The Sabic takeover is part of Aramco's strategy of turning itself into a fully integrated energy firm on the international stage. As part of this process, preliminary work will begin in 2019 on the site in Yanbu on the Red Sea chosen for the proposed $20bn joint Aramco-Sabic venture to convert crude oil to chemicals. The project, with start-up planned for 2025, will process 400,000bl/d of crude oil to produce 9mn t/y of chemicals.

Aramco will also seek to expand its global network of refining and petrochemical interests, with plans to expand cooperation with both China and Russia. Ties with Russia, in particular, will strengthen still more in 2019, as the two giant oil producers seek to align themselves in adjusting oil production to keep the market in balance. Saudi energy minister Khalid al-Falih said in 2018 that "we need to establish the framework of long-term coordination" that will "allow us to bring production up or down".

Saudi Arabia and Russia are discussing a range of energy-related joint ventures, and Aramco is expected to take a final investment decision in 2019 on acquiring a share in Russia's Arctic LNG-2 project. Falih will also be looking for other global LNG ventures where Aramco might find a slot, as it prepares for the day when it imports natural gas.

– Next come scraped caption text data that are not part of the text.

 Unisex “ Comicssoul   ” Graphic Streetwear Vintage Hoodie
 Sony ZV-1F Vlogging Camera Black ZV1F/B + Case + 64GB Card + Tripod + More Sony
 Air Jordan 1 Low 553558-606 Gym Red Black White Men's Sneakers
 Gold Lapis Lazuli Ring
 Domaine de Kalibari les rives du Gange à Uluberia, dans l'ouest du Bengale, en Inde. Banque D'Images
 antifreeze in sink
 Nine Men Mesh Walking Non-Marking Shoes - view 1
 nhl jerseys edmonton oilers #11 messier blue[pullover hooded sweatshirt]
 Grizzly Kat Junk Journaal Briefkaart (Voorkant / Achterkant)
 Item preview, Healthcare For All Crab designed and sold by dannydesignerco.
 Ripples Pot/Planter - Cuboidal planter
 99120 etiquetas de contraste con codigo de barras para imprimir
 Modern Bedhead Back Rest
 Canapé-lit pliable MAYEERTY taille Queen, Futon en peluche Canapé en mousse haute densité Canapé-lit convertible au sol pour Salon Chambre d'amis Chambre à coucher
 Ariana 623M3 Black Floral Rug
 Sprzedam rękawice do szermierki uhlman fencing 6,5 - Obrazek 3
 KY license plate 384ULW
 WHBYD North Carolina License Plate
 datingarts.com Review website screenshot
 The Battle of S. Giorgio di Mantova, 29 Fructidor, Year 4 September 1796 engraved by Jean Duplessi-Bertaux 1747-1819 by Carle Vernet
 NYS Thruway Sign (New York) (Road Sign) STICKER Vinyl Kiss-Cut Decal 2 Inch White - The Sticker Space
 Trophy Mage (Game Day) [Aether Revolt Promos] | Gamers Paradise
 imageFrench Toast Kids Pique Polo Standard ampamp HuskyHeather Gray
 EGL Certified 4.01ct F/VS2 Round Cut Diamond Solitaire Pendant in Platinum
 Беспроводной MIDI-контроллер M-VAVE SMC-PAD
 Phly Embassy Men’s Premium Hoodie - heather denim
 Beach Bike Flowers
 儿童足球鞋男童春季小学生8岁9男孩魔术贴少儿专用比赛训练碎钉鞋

There are compelling reasons why Saudi Arabia needs to polish up its image

While the downstream may receive most attention in 2019, the upstream—the current sole source of revenue to finance development in the kingdom—will not be overlooked. Saudi Arabia produced 10.48mn bl/d in August, and the average rose to 10.7mn bl/d in October. While the kingdom consistently says that its maximum capacity is 12mn bl/d, the likelihood is that this figure will not be put to the test in the coming year. With an eye on missing barrels from sanctioned Iran and economically and politically-challenged Venezuela, the kingdom is expected to maintain an operational capacity ceiling of around 11mn bl/d. It could also eventually call on an additional 250,000 bl/d, its portion of potential production from the Neutral Zone, which is shared with Kuwait. Recent talks to end the dispute that has kept oil from the shared fields shut in for the past four years ended without agreement, and there is no indication that Saudi Arabia will be in a hurry to find a resolution to the issue in the months ahead, given weak crude prices.

Away from energy, Crown Prince Mohammed will be under pressure from his family and from Saudi allies to take whatever steps are needed to end the war in Yemen and lift the economic and diplomatic blockade of Qatar. UN-sponsored talks on Yemen can be expected during 2019, but swift progress is unlikely, not least because there are so many competing interests in the country. One difficult question is whether southern secessionists should be represented at the negotiating table. Another is whether it is realistic to find one man who can win the support of the many factions vying for influence.

Lifting the Qatar siege would, in theory, be a much easier job, given political will on both sides. But the Qataris, who have adjusted to life under blockade, will demand a high price in terms of public apologies from Saudi Arabia and its allies as a condition for agreeing to normal relations. The kingdom will not accept such terms, so the dispute that has poisoned the atmosphere in the Gulf and shown the GCC to be a toothless regional organisation is likely to fester through 2019.